The Russians "are telling me they don't want to see a civil war. I have been telling them their policy is going help to contribute to a civil war," she told a mainly student audience on a visit to Copenhagen.
Clinton warned that unless unchecked, the deadly violence in Syria could lead to civil war or even develop into a proxy war because of Iran's support for the regime of Syrian President Bashar al-Assad.
She said she had spoken on Wednesday with the international envoy on Syria, Kofi Annan, who is trying to expand his mandate to be able to deal more effectively with Damascus.
"We have to bring the Russians on board because the dangers we face are terrible," said Clinton, who is in Denmark on the first leg of a Scandinavian tour.
She said the absence of UN support for action in Syria, due mainly to Russia's opposition, "makes it harder" to respond to the crisis, as the international community did last year in Libya.
"The continued slaughter of innocent people, both by the military and by militias supported by the government and increasingly by the opposition... could morph into a civil war in a country that would be riven by sectarian divides, which then could morph into a proxy war in the region.
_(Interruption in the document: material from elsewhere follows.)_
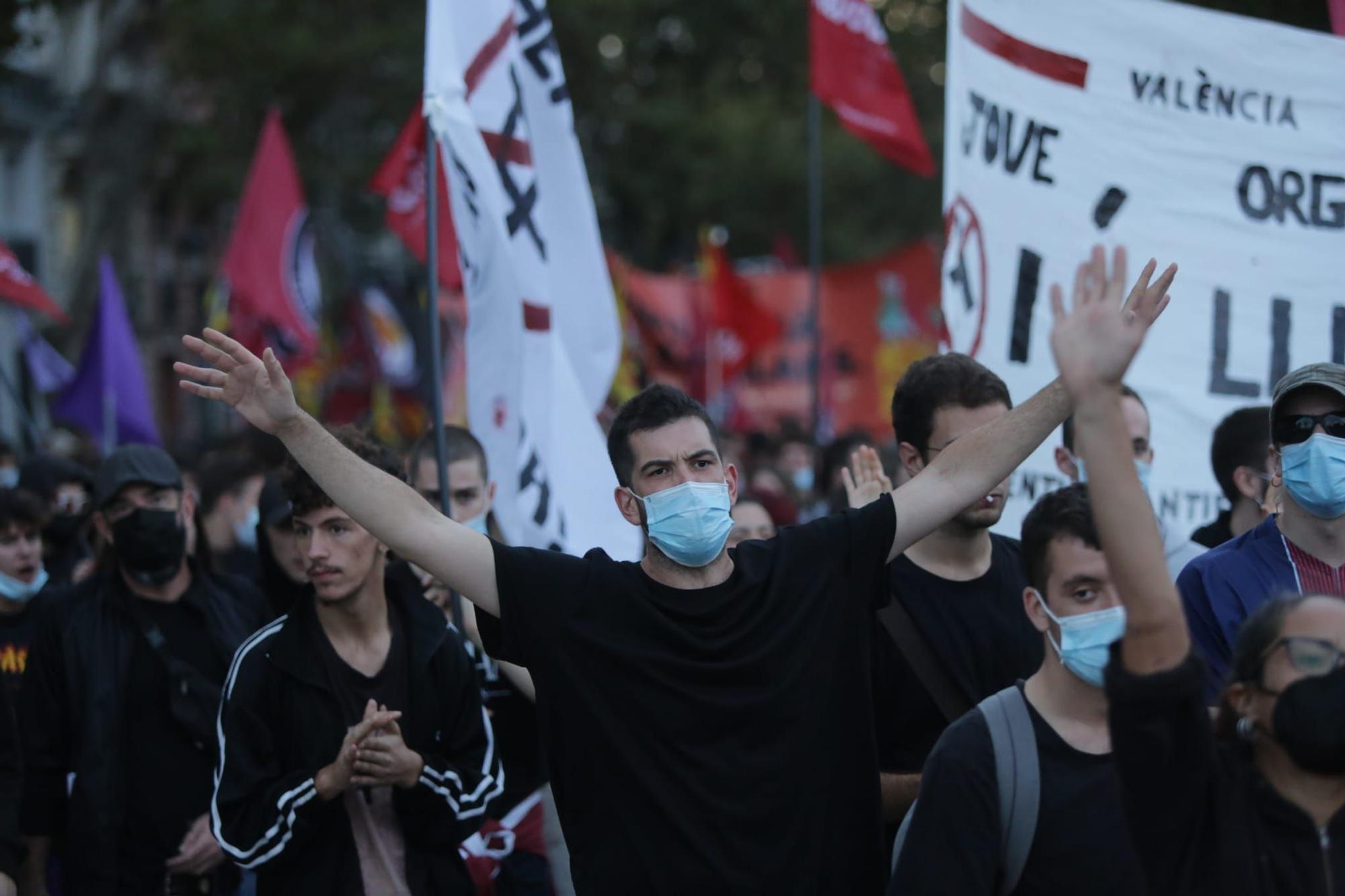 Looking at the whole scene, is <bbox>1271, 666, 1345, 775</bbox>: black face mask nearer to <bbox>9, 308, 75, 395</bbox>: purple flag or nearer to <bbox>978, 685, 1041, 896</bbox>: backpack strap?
<bbox>978, 685, 1041, 896</bbox>: backpack strap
"Remember you have Iran deeply embedded in Syria -- their military are coaching the Syrian military. The Quds Force, which is a branch of the military, is helping them set up these sectarian militias.
"We know it actually could get much worse than it is," she said.
A massacre last week of more than 100 people in the city of Houla, allegedly by government-backed forces, and the discovery of new execution-style killing since then has raised the pressure for international action.
But Russia has adamantly refused to go against its close ally Syria with President Vladimir Putin warning Thursday that Moscow will not change its position under pressure.
"Russia's position is well-known. It is balanced and consistent and completely logical," Interfax quoted Putin's spokesman Dmitry Peskov as saying.
Meanwhile, an April 12 peace plan and truce negotiated by Annan to bring an end to the violence appeared in tatters, amid reports of fresh attacks by Syrian government forces on Houla, the site of last week's massacre.
Syrian rebels have warned they will resume their defence of civilians if the government does not return to the peace plan by Friday.